Pam does most of the research and preparation for a trip to court. She spends hours at the library researching regulations, case law and other relevant information. It's not that she knows intuitively where to look for information; she just never gives up, never stops asking questions.

The next trip to court arose from a dispute over a $2000 holdback. The carrier claimed that since they hadn't removed all the identifying marks from the tractor upon quitting, the Wilkinsons had violated the contract and effectively forfeited their holdback. They had removed the name and the numbers, but hadn't painted over the old colors because, according to Pam's research on patent law, the carrier had no legal title to the paint scheme.

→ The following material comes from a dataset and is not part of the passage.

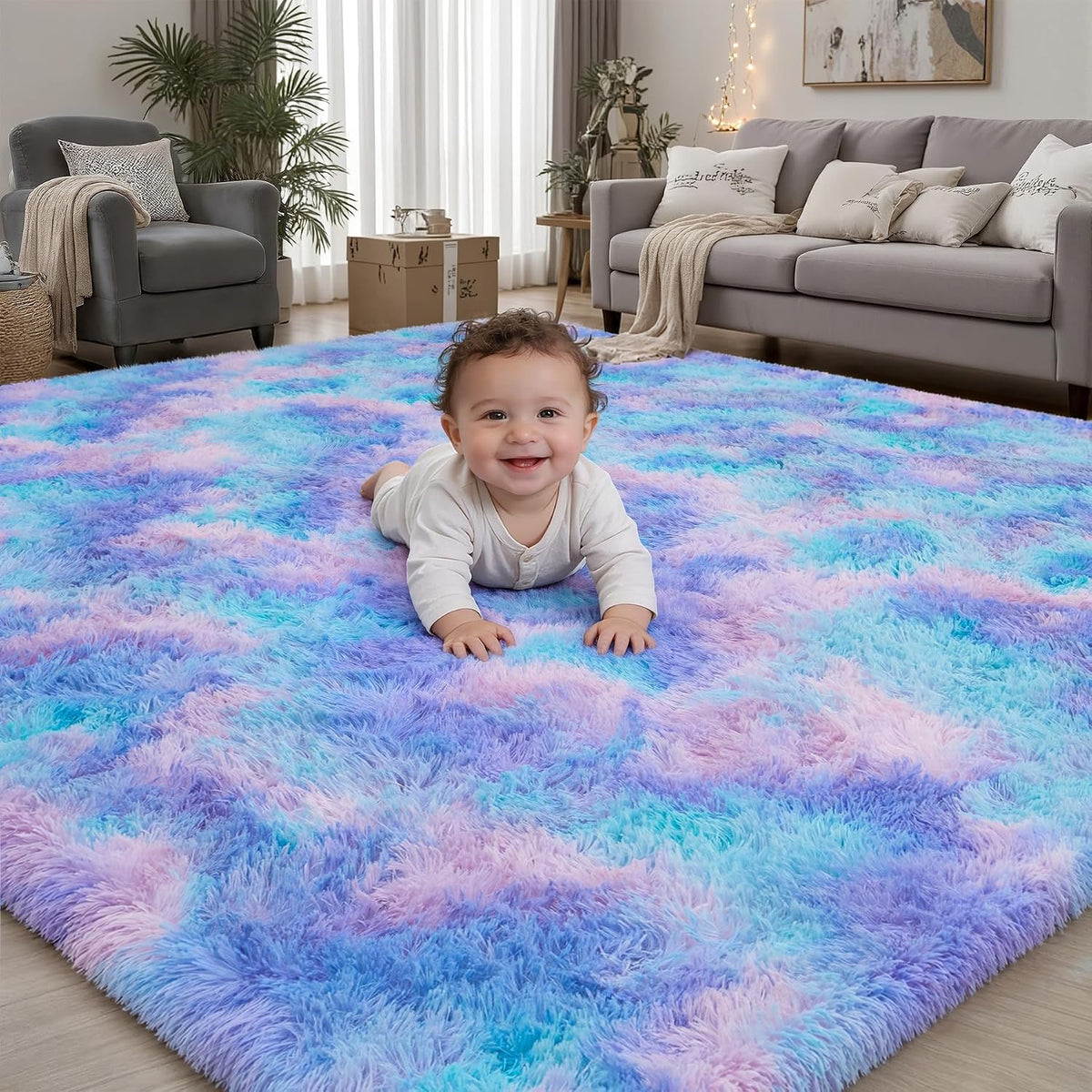 Rainbow Non-Slip Fluffy Kids Shag Rug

"Had they just given us our holdback, we'd have kept quiet and gone away," Pam says. "But they jerked us around by having our small claims court case moved to the Manitoba Court of Queen's Bench, thinking that we couldn't afford a lawyer. That move cost the carrier a bundle because we just dug in even deeper."

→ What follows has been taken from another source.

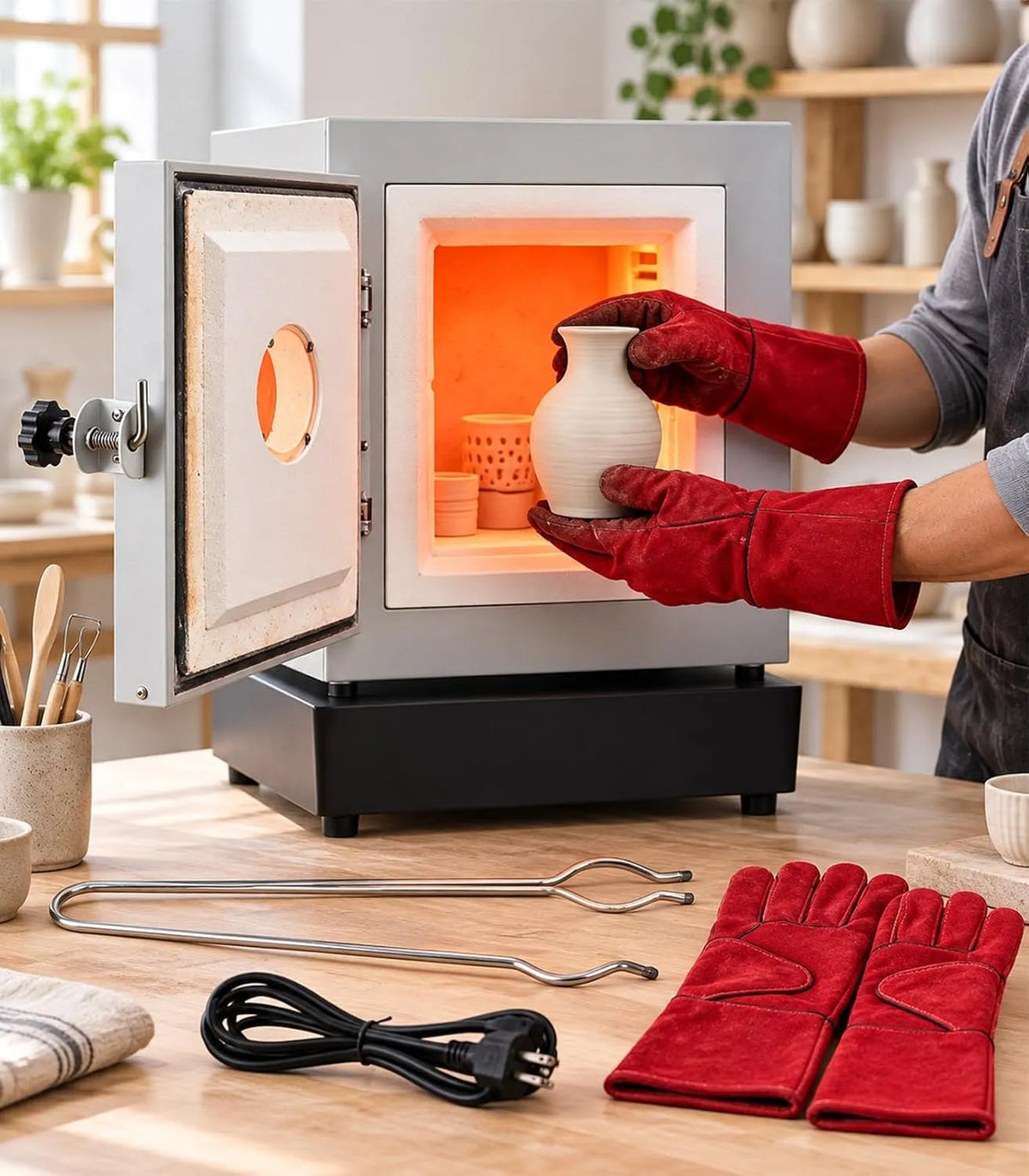 Inbouwoven met 2000 W, 110V, 15 x 15 x 20 cm, 1150°C en regelbare thermostaat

In doing her research, Pam found plenty of discrepancies between the contract and how they had actually been dealt with. There were problems with the U.S. exchange rate the carrier was charging, with fuel pricing, and with miles for which they'd been charged fuel tax but hadn't received revenue.

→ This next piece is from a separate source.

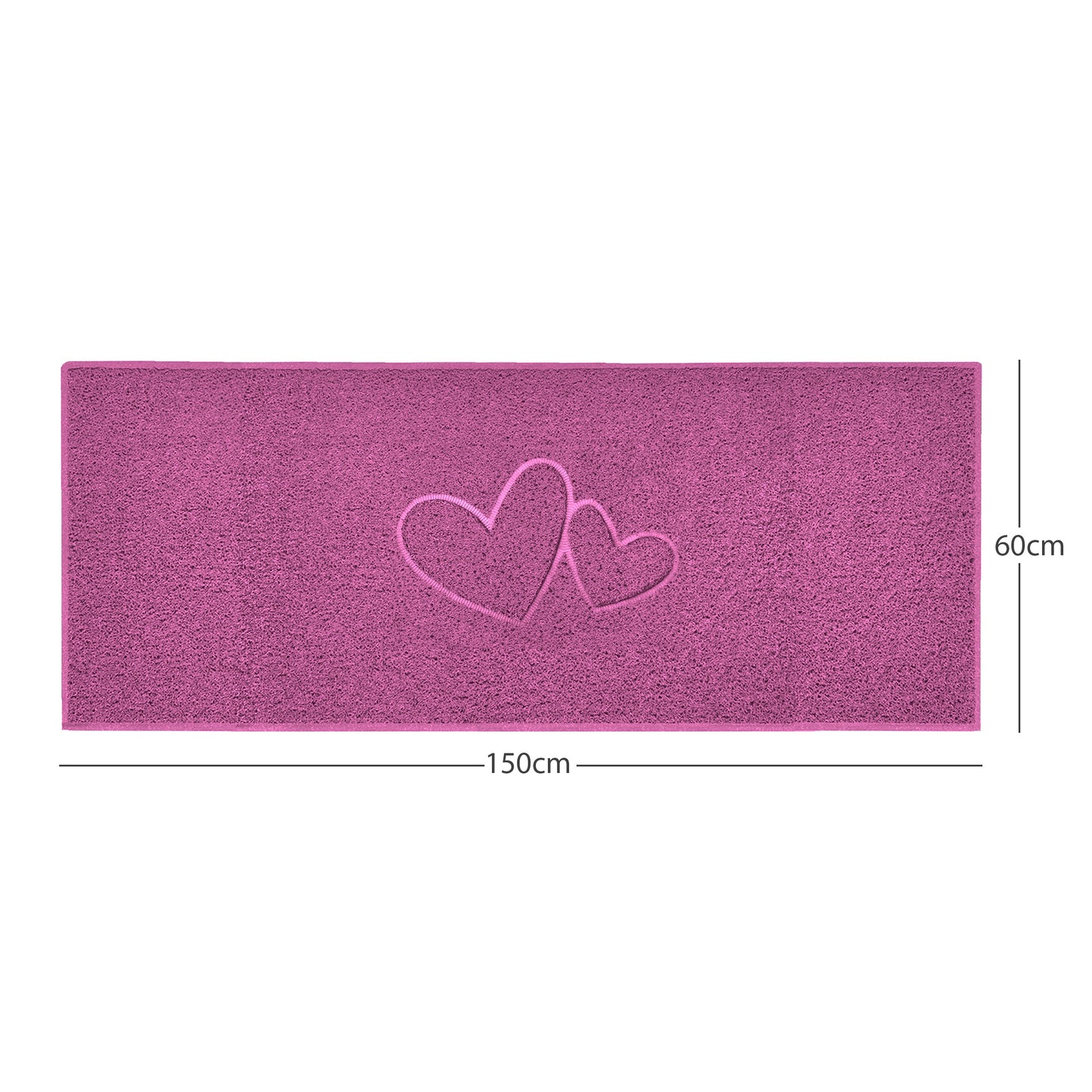 Nicoman Double Heart Embossed Spaghetti Doormat | Indoor & Outdoor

"Once I realized where we stood, we decided to raise the ante," she says. "We were in the right court, so we figured, what the heck, let's go for broke."

They retained Randi Kurshnier from the Winnipeg law firm, Meyers, Weinberg, on contingency, then sat back and waited. All the while, their former co-workers were having a good laugh at their expense.

"You should have heard them," Don says. "You'll never win. You'll never work around here again. You're crazy to even try. We heard it all, but who's laughing now?"

After six and-a-half years of monkeying around with motions of discovery, delays, pre-trial motions and the like, they got a phone call from the carrier's lawyer.

"It was on the Friday afternoon before the Monday we were to proceed to trial," Pam recalls. "They offered to settle out of court for 20 grand. Not! We weren't in this for the fun of it. They called again later that night with an offer of 40 grand. Our lawyer was tempted, but we held out. Then, late Sunday night came a phone call with an offer of an out-of-court settlement for (a whole lot more)."

"It took a lot of leg work on our part," says Pam. "But we stuck to our guns and kept telling ourselves that we weren't going to let them do this to us. Our families were solidly behind us, as was our MLA, Dave Chomiak."

They've even scored a victory over small town justice, as meted out by Weyburn, Sask.. Don had a speeding ticket overturned because the judge had declared him guilty even before the trial had begun.

"I wouldn't care if you told me that your wife was pregnant and delivering at the time. We're going to find you guilty," is how Don paraphrases what the judge said to him in the courtroom.

They appealed and won, largely because of their tenacity and willingness to do the extra work. Don says the appeals court judge's remarks about small town justice alone were worth the effort. For the record, Don insists he wasn't speeding.

And then there was the now famous tax-court case about meal deductions for truck drivers.

"We just researched the Income Tax Act at the library and went after what it seemed to be saying we could claim," Pam says. "In the end, it's wrong to have to work so hard to prove you're right in the face of a system that claims it's working for you. Those folks at CCRA [Canada Customs and Revenue Agency] never cut us an inch of slack. We won, but it wasn't easy, and it's not over yet."

Pam and Don may seem like a pair of scrappers, but they're really fine and decent people. While Kurshnier maintains that he'd never sit for a hand of poker with them, as role models for standing up for what's right, he couldn't point to a better example.

Remember those drivers who were laughing at them for taking on the carrier? More than 20 of them have since settled similar claims out of court, and there are more pending.

"If you're guilty, pay the fine and get over it," Don says. "But if you're not, then fight like hell and stand up for your rights."

The Wilkinsons are living proof that justice works if you're prepared to make a stand.